The BRICS Summit in the southeastern Chinese city of Xiamen will be a good opportunity for member nations to narrow differences and expand cooperation, a leading expert on international affairs said.
Waheguru Pal Singh Sidhu, a non-resident senior fellow at the Brookings Institution, told Xinhua in a recent interview here that the upcoming summit is very important because it sets a stage to resolve differences among BRICS nations and extend cooperation from economic issues to other areas.
The expert, who is also a visiting professor of Center for Global Affairs at New York University, made the comments nearly a month before the ninth annual BRICS summit to be held in Xiamen from Sept. 3 to Sept. 5.
The BRICS summit brings together Brazil, Russia, India, China and South Africa that comprise its moniker, along with participants from across the globe.
Sidhu expected member states in the meeting to sustain the momentum on the BRICS' New Development Bank (NDB), as well as other economic arrangements such as infrastructure investment.

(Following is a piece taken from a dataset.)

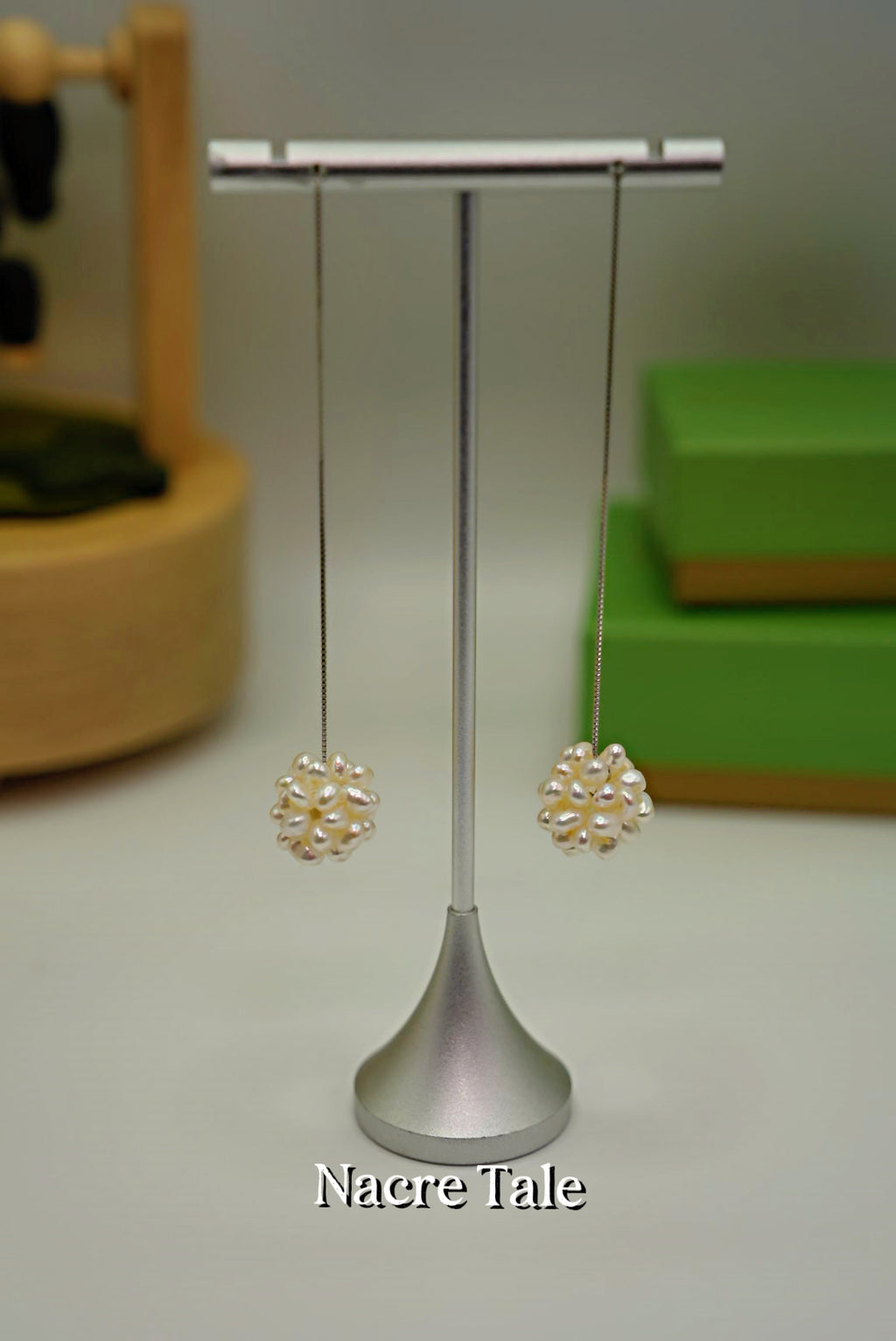 Nacre Tale Baroque Pearl Drop Earrings – Unique Clustered Elegance with Sterling Silver Chains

The NDB was set up with an initial authorized capital of 100 billion U.S. dollars during the sixth BRICS Summit in Fortaleza, Brazil, in 2014. It officially opened in Shanghai in 2015.
According to the expert, the NDB is very crucial for BRICS countries in both geopolitical and financial dimensions.
"BRICS countries like China and India are important players in the international financial institutions, but they are not being able to get the right amount of weightage that they deserve," said Sidhu.
He added that reforms in the existing structure such as the World Bank and the International Monetary Fund have been very slow, which lead to the creation of new and alternative structures including the NDB.
In terms of finance, the bank plays a critical role in generating new sources of funding for projects in infrastructure and sustainable development, "not only in BRICS countries, but other countries as well," Sidhu noted.
When asked what the other areas the group can work together in the future, the professor called for more cooperation in climate change, cyber security, trade, energy and counterterrorism issues.
He said that once the bilateral differences between BRICS countries be resolved, the summit could really "open up the opportunity to take BRICS to a new level to make it a very important multilateral player."
"BRICS can come to a second blossoming (after 10 years since it was founded), I'm very optimistic," he added.